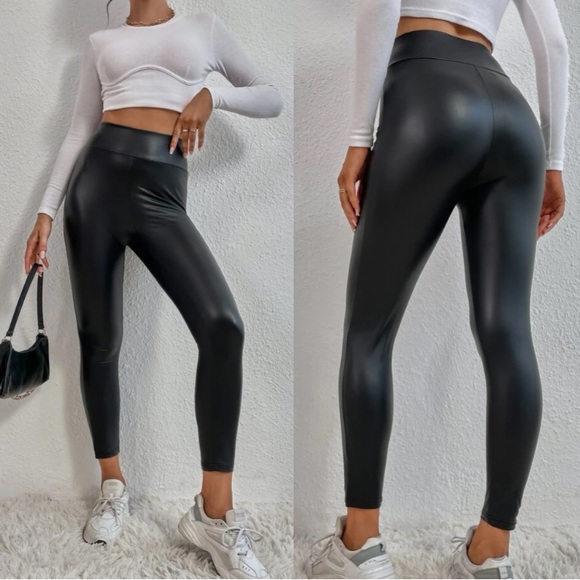 Sexy high waisted vegan leather leggings - Picture 2 of 4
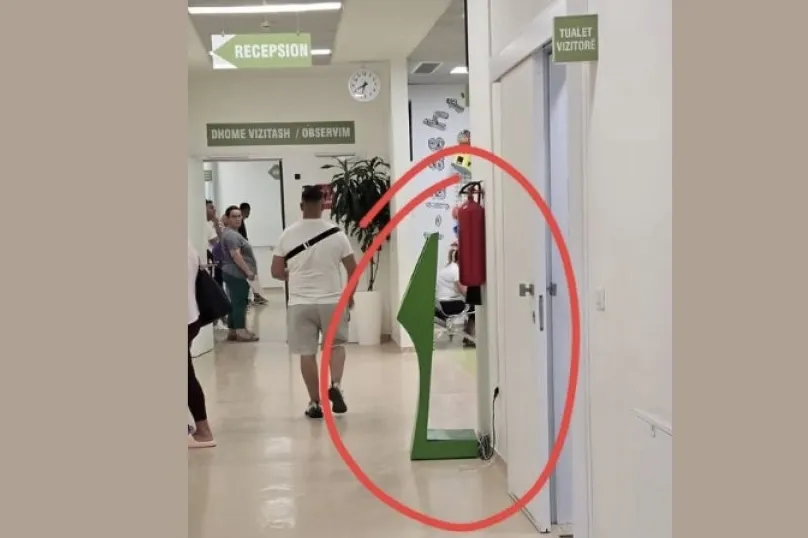 Denoncimi i gazetarit: Urgjenca Pediatrike në QSUT është kthyer si sportel banke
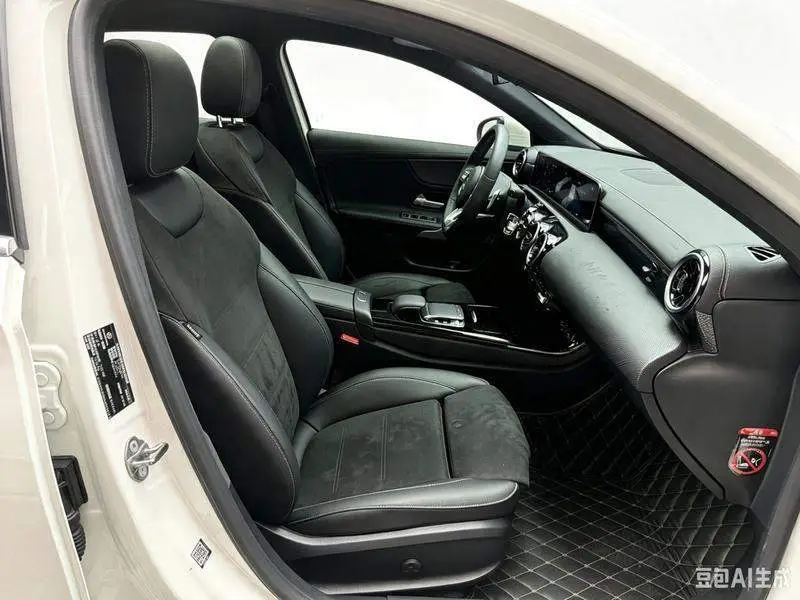 Mercedes-Benz A-Class 2019 A 200 L sports sedan — 13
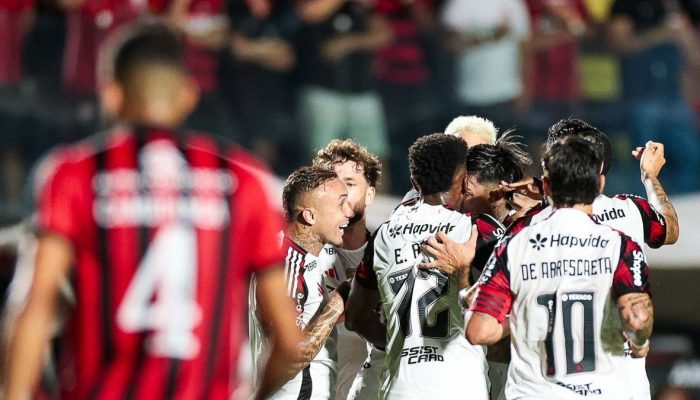 Xô, zica: Rossi pega pênalti, e Flamengo vence 1ª no Brasileirão — Foto: Divulga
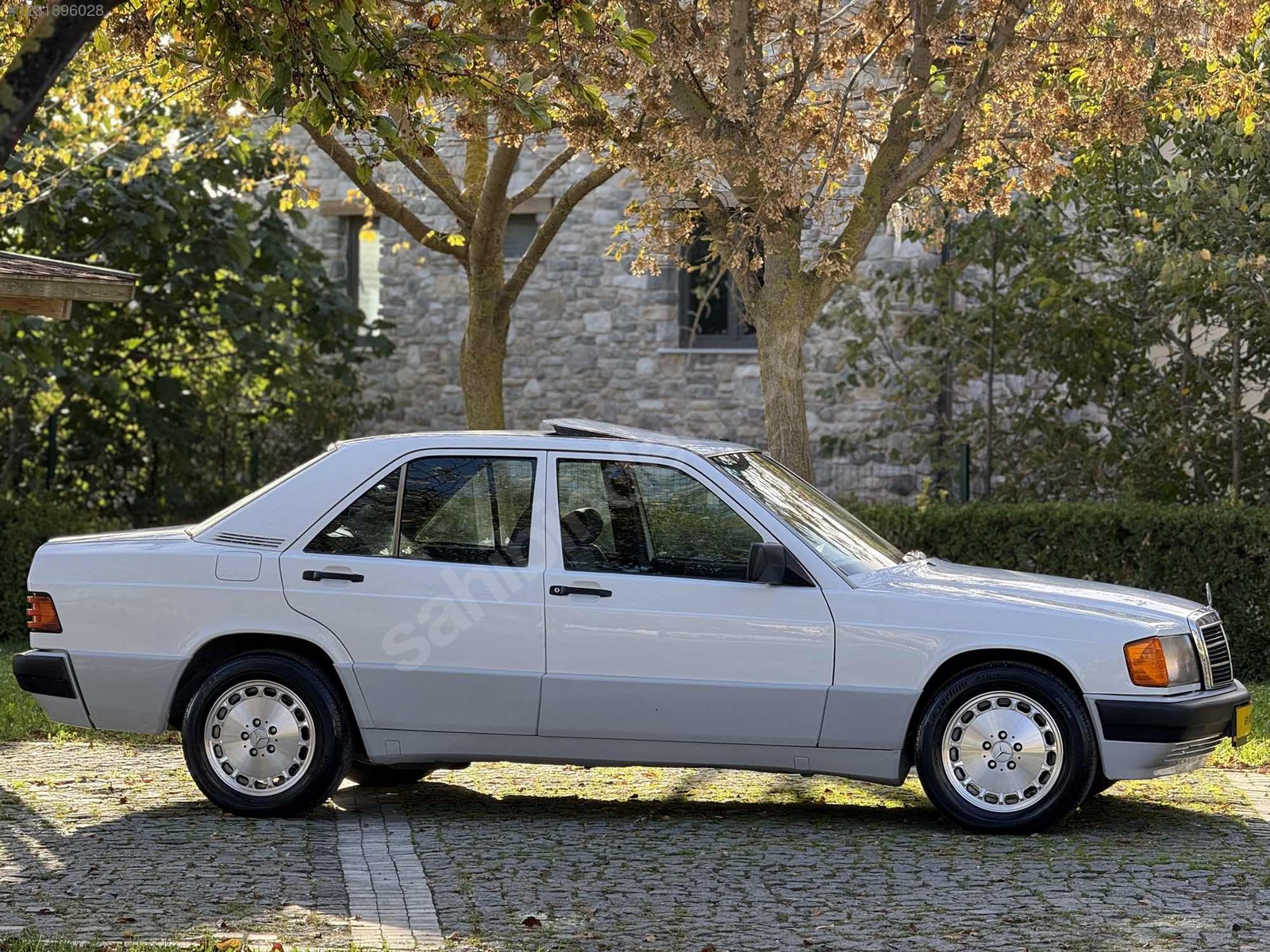 1990 190 E SPORTLINE OTOMATIK KLIMA LACIVERT SALON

****

#### Requirement:
Each entry above should be given again exactly, with its pictures omitted.

#### Answer space:
 Sexy high waisted vegan leather leggings - Picture 2 of 4
 Denoncimi i gazetarit: Urgjenca Pediatrike në QSUT është kthyer si sportel banke
 Mercedes-Benz A-Class 2019 A 200 L sports sedan — 13
 Xô, zica: Rossi pega pênalti, e Flamengo vence 1ª no Brasileirão — Foto: Divulga
 1990 190 E SPORTLINE OTOMATIK KLIMA LACIVERT SALON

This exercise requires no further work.